La Loire a également été en crue, mais de façon plus modeste. En dépit de l'importance des inondations, M. le préfet de région en charge de la coordination dans le cadre de l'Etablissement public d'aménagement de la Loire et de ses affluents, l'EPALA, a tenu à souligner que ce n'était pas une crue majeure. Cela tenait à la localisation des pluies : des pluies fortes sur l'Ardèche, la Haute-Loire et le Morvan, mais pas sur la partie ouest du Massif central, où les affluents de la Loire sont restés à leur niveau bas.
Les riverains de la Loire, qu'ils soient habitants, élus ou responsables, savent que ce fleuve présenterait un véritable danger si, par malheur, nous avions en même temps des pluies cévenoles, ce qui fut le cas partiellement en décembre dernier, des pluies atlantiques, sans parler de la fonte des neiges au printemps.
En matière de protection, nous disposons de trois principaux outils pour lutter contre les crues : les digues, les déversoirs et certains barrages.
Nous le savons tous, l'entretien du lit de la Loire et des digues fait l'objet de vastes programmes qui sont en cours depuis un certain nombre d'années.
Lors de la crue de décembre dernier, deux déversoirs ont fonctionné pour la première fois.
Par ailleurs, le barrage de Villeret a joué, à nouveau, un rôle essentiel en écrêtant la crue de la Loire.
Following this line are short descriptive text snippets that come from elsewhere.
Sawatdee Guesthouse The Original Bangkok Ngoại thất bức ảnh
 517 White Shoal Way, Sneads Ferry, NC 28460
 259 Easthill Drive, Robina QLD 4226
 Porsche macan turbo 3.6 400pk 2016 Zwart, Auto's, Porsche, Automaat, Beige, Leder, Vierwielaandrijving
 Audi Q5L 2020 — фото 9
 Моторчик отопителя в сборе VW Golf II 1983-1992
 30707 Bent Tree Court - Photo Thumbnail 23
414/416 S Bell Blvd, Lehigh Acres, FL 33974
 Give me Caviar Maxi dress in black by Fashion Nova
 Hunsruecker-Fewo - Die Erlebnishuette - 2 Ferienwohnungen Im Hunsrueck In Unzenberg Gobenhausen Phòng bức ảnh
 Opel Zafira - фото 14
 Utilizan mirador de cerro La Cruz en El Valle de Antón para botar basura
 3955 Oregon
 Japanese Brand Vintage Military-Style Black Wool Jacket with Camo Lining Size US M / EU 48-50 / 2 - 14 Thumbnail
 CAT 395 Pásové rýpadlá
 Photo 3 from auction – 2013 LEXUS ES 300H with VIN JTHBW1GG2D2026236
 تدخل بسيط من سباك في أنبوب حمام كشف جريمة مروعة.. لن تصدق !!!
Les débits à l'aval de l'ouvrage ont été réduits de 1 300 mètres cubes par seconde, ce qui correspond à un abaissement de la ligne d'eau de l'ordre de un mètre cinquante à un mètre de Roanne à Gien.
Les crues catastrophiques du xixe siècle ont prouvé néanmoins que les digues et les déversoirs sont insuffisants pour contenir une crue centennale.
Dans une précédente intervention sur le même sujet, qui me tient particulièrement à coeur, en octobre 2002, Mme la ministre chargée de l'environnement m'avait répondu qu'il était essentiel de mieux informer la population sur les risques, afin de créer une véritable culture, une conscience du risque, et de mettre en place différentes mesures administratives telles que les plans de prévention des risques d'inondations, les PPRI. Le préfet du loiret, en décembre dernier, a pu à juste titre se féliciter de la qualité et de la précision des prévisions qui ont permis de gérer efficacement la crise.
Informer les populations n'est pas suffisant. Face au risque d'inondation, c'est la sécurité des personnes et des biens qui doit rester la priorité de l'Etat. Il faut véritablement prévenir les crues de grande ampleur, qui surviendront un jour comme elles sont apparues dans le passé.
Au mois de décembre, les spécialistes sont convenus que le barrage écrêteur de Villeret, construit en 1985, a bien joué un rôle lors de la dernière crue de la Loire. Seuls les barrages ont un rôle suffisamment efficace dans une situation exceptionnelle.
Madame le secrétaire d'Etat, ma question concerne le projet de barrage écrêteur de crue du Veurdre, dont l'intérêt et la pertinence pour éviter les catastrophes à venir ont été à nouveau soulignés par l'équipe pluridisciplinaire Plan Loire Grandeur Nature. Quand sera-t-il réalisé ?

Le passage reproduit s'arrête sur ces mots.